Total operating income for the segments was down more than 12% to $13 million. In truckload operating income fell 11.4% to $5.8 million a year ago. Revenues came in at $92.0 million, down $3.2 million, or 3.3%. Average revenue per tractor rose about $44 year-over-year to $3,484.

In the dedicated segment, revenue rose 3.7% to $42.1 million, but operating income declined 18% to $4.5 million. Average revenue per tractor per week fell $30 to $3,441.

In Marten’s intermodal operating unit, revenue increased 8.4% to $19.9 million, but operating income fell 3.5% to $1.6 million. In the brokerage division, revenue rose 2.2% to $16.6 million, but operating income dropped 4.5% to $1.2 million.

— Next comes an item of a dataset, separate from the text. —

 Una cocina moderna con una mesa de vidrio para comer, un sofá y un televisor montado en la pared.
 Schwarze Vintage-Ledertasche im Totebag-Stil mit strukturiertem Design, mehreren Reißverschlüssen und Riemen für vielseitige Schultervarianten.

• Covenant — No. 47 on the TT100 — easily had the best day of all the truckload carriers Oct. 19. Average revenue per tractor per week rose 4.1% to $3,922 and revenue per total mile grew 4.4% or 7 cents per mile. On average, about 4.9% of Covenant’s trucks lacked drivers in the third quarter, better than the 6.4% one year ago.

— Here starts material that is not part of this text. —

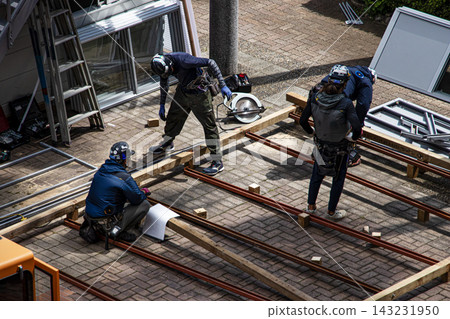 身穿空調工作服的建築工人和鷹架工人在建築工地搭建臨時辦公室。 身穿空調工作服的建築工人和鷹架工人在建築工地搭建臨時辦公室。 143231950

“Overall, freight demand was strong and trucking capacity was tight during the third quarter. The market improved each month and has continued at a strong level in October. Equipment utilization measured by miles per tractor improved in July and August. However, significant disruption of freight activity from the two hurricanes depressed September utilization,” Chairman and CEO David Parker said.

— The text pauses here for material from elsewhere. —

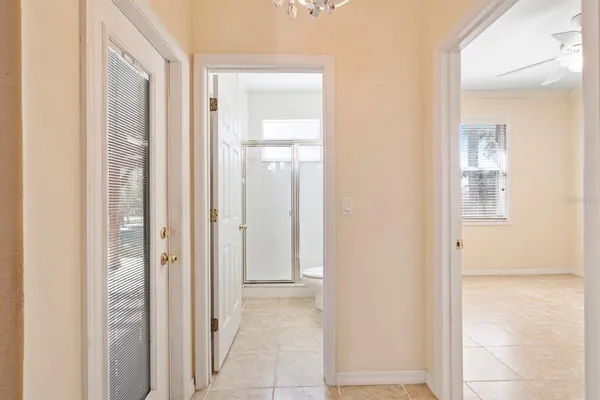 a view of a bathroom from the hallway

The strong revenue growth was more than enough to offset the 5.2-cent-per-mile increase in expenses related to salaries and wages, or in this case, raises in driver pay and a 2.6-cent-per-mile rise in maintenance expenses related mostly to the decision last year to keep their trucks longer than in the past.

Parker also noted that while subsidiary Southern Refrigerated Transport lost money again in the third quarter, it was a significantly less in the red than one year ago, although the company didn’t break down the financial results division by division.

Business also improved in Covenant’s smaller freight brokerage division as revenue grew 61% to $25.6 million in the quarter, of which the CEO assigned $3.4 million to spot business from the hurricanes in Texas and Florida.